FYI. I just got this problem to happen on my developer machine with Caddy. Linux works, Windows does not. Investigating the problem now...
FYI. So far, I found that if I disable TLS 1.3 in the MeshAgent using...
SSL_CTX_set_options(ctx, SSL_OP_NO_TLSv1_3);
...the Windows agent connects. So, it's TLS 1.3 related. Still investigating why.
More details I found: If I use NodeJS 13.x with TLS 1.3 support on the server side, the Windows agent connects to it with TLS 1.3 correctly.

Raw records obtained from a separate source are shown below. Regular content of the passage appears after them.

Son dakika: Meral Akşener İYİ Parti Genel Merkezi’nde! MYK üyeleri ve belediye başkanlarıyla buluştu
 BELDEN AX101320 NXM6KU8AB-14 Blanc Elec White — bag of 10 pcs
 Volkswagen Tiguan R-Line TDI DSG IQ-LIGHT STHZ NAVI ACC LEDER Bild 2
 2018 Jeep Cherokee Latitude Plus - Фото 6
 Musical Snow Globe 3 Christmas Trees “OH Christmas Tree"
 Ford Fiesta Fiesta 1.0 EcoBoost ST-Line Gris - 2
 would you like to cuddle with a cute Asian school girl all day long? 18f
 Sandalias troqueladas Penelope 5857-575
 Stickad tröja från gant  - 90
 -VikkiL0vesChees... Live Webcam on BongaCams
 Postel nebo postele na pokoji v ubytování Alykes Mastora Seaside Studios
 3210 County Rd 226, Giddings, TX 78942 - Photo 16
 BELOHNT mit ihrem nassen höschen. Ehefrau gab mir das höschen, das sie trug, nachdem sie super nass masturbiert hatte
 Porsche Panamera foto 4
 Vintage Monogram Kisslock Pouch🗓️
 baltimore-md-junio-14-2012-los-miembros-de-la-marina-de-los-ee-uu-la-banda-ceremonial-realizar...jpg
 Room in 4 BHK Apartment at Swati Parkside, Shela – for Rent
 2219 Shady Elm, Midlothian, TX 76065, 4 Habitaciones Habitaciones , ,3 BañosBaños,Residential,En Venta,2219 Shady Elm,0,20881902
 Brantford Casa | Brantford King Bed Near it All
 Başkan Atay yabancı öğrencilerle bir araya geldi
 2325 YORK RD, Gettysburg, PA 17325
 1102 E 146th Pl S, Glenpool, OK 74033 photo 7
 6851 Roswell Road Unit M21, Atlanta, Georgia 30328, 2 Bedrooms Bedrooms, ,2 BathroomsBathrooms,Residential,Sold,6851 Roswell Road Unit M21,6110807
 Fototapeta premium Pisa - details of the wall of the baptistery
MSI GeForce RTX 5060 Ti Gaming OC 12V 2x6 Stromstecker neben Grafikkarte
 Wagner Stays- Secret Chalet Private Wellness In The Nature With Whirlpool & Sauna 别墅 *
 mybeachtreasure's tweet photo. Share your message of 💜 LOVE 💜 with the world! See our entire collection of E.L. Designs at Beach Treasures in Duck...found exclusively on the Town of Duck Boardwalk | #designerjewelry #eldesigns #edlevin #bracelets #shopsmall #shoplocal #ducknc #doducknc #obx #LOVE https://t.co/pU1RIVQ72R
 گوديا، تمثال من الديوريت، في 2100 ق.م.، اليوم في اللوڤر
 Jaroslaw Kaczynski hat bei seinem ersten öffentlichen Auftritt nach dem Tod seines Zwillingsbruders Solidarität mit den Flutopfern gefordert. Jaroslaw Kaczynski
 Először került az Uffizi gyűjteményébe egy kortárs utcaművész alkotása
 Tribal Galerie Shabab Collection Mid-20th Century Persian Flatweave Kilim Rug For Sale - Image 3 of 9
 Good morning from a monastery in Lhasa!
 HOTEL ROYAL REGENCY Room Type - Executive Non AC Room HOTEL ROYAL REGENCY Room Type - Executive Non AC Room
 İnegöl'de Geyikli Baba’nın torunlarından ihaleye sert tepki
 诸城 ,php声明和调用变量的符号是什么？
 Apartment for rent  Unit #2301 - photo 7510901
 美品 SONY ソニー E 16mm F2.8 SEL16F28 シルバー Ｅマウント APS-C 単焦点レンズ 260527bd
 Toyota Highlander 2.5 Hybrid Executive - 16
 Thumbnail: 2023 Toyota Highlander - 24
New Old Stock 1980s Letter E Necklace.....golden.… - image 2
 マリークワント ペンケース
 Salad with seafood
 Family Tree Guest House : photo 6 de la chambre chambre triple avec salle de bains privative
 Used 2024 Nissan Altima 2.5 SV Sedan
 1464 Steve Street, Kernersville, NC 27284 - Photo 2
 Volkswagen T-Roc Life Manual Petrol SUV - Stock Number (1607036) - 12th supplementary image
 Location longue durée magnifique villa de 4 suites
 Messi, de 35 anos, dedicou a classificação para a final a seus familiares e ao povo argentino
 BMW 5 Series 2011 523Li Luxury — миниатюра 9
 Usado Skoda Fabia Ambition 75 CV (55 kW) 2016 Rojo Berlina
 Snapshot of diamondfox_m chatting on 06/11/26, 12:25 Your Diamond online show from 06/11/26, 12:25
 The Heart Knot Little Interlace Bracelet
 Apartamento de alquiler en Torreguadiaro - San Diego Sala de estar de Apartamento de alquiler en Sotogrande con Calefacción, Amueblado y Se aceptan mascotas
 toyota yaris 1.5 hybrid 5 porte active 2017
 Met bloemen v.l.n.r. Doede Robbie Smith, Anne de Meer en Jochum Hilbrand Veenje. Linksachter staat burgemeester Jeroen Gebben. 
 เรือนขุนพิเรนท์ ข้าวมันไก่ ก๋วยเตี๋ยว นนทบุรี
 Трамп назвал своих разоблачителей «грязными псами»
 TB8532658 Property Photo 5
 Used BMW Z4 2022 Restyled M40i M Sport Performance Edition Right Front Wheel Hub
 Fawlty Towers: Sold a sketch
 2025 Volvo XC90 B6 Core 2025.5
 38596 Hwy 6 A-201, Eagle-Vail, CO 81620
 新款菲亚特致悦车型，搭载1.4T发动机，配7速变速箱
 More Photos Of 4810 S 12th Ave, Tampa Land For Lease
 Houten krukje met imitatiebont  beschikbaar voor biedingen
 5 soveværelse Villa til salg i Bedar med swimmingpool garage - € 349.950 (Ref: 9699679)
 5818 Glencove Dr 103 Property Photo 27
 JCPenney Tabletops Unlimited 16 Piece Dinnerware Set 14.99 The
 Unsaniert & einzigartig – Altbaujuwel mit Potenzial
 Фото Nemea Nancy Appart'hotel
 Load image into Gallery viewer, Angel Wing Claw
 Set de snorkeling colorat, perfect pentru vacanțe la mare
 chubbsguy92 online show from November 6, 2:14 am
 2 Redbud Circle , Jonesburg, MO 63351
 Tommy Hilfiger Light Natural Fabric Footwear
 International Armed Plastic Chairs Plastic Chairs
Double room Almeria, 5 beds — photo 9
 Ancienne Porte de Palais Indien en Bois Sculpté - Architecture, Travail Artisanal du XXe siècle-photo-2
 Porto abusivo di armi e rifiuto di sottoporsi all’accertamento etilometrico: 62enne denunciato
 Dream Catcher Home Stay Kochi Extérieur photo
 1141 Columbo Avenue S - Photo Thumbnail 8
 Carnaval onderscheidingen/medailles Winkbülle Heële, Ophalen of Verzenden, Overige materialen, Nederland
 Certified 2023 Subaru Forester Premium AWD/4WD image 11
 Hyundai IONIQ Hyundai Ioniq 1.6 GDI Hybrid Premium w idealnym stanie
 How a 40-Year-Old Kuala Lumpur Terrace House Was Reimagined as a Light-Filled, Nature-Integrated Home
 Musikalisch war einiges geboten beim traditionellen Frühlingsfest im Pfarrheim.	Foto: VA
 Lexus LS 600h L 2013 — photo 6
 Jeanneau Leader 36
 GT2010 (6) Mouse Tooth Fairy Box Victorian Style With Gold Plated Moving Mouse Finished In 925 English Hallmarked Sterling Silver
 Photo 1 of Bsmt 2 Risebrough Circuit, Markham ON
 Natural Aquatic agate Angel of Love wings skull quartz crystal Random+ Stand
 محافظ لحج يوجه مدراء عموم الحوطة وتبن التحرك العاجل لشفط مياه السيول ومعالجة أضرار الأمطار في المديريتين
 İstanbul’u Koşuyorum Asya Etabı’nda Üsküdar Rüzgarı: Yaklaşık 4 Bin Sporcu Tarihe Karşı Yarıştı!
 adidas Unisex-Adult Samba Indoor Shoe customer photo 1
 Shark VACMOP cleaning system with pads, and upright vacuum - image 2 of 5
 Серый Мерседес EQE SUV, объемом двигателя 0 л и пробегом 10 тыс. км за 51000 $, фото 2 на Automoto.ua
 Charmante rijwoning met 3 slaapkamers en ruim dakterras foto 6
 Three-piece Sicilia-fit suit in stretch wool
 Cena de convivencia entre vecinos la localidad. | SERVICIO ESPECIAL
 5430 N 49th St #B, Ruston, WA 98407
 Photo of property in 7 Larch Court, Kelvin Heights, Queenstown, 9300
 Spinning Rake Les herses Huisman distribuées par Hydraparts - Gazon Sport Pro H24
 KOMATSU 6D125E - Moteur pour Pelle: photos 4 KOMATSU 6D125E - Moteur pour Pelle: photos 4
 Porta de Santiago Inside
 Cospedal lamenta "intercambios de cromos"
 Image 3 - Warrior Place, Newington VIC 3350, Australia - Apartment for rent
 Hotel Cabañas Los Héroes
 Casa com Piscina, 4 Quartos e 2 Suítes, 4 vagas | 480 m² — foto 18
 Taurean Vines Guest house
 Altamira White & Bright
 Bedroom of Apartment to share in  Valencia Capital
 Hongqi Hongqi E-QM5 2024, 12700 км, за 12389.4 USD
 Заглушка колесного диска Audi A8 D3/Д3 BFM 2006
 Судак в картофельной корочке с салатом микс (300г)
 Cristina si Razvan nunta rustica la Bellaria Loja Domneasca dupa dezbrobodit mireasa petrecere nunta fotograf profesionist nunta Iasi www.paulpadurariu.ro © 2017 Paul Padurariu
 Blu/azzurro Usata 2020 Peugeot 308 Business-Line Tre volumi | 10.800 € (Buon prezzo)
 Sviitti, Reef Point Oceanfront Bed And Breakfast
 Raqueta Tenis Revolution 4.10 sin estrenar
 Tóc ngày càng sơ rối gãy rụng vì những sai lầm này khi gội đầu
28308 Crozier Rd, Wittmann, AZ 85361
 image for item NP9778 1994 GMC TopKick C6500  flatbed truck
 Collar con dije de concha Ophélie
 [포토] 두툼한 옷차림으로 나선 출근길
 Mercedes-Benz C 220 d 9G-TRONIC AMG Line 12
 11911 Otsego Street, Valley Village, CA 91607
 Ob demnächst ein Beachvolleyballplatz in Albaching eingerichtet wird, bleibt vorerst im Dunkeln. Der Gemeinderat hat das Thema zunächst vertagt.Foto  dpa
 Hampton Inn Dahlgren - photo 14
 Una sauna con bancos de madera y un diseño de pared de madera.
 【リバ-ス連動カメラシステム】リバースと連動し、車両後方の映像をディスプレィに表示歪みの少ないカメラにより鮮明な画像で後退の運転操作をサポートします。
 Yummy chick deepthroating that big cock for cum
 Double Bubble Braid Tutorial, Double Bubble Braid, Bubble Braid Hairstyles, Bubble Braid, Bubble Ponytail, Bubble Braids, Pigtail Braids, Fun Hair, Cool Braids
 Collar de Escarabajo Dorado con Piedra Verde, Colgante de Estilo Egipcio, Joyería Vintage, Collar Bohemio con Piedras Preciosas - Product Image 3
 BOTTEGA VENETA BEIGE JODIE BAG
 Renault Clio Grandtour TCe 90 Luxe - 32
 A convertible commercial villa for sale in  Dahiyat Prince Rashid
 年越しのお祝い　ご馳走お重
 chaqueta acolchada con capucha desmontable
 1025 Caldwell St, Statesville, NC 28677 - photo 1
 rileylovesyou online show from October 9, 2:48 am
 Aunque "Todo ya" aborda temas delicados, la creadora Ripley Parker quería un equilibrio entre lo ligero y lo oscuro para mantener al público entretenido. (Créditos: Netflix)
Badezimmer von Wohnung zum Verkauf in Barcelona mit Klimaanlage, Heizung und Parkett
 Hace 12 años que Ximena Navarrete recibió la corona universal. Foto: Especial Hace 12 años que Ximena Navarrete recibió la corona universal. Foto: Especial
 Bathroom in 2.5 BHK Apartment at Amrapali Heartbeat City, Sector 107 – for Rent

I do notice that NodeJS selects "TLS_AES_256_GCM_SHA384" but Caddy selects "TLS_AES_128_GCM_SHA256"...
An easy way to work around the problem server side is to disable TLS 1.3 in Caddy like this:
mc.<redacted>:443 {
proxy / 127.0.0.1:7450 {
transparent
websocket
}
tls /root/cert.pem /root/key.pem {
protocols tls1.2
}
}
You need to add the "protocols tls1.2" like shown above.
With NodeJS 13.x, if I force "TLS_AES_128_GCM_SHA256" to be selected just like Caddy does, it still works. So, it's likely not a cipher suite issue.
Fixed it. I committed a fix to the Mesh Agent here. TLS 1.3 allows application data to be added along with the TLS negotiation to speed up the connection setup and reduce round trips, that seems to be been the issue. Bryan will have to check and see if my fix is acceptable. An updated MeshAgent executable will be needed, will be released in MeshCentral hopefully this week.
@Ylianst Awesome. Thank you for your hard work!
Published MeshCentral v0.4.7-o with new MeshAgents that support TLS 1.3. Let me know if it works. Note that you will need to disable TLS 1.3 in Caddy as shown above to update agents. Probably wise to disable TLS 1.3 for a while to make sure all agents have shown up at least once and got the update.
@Ylianst I can confirm that everything works correctly with TLS 1.3 enabled now.
Thanks for confirming. I will close this one since I am pretty sure it's fixed. Please open a new issue if needed.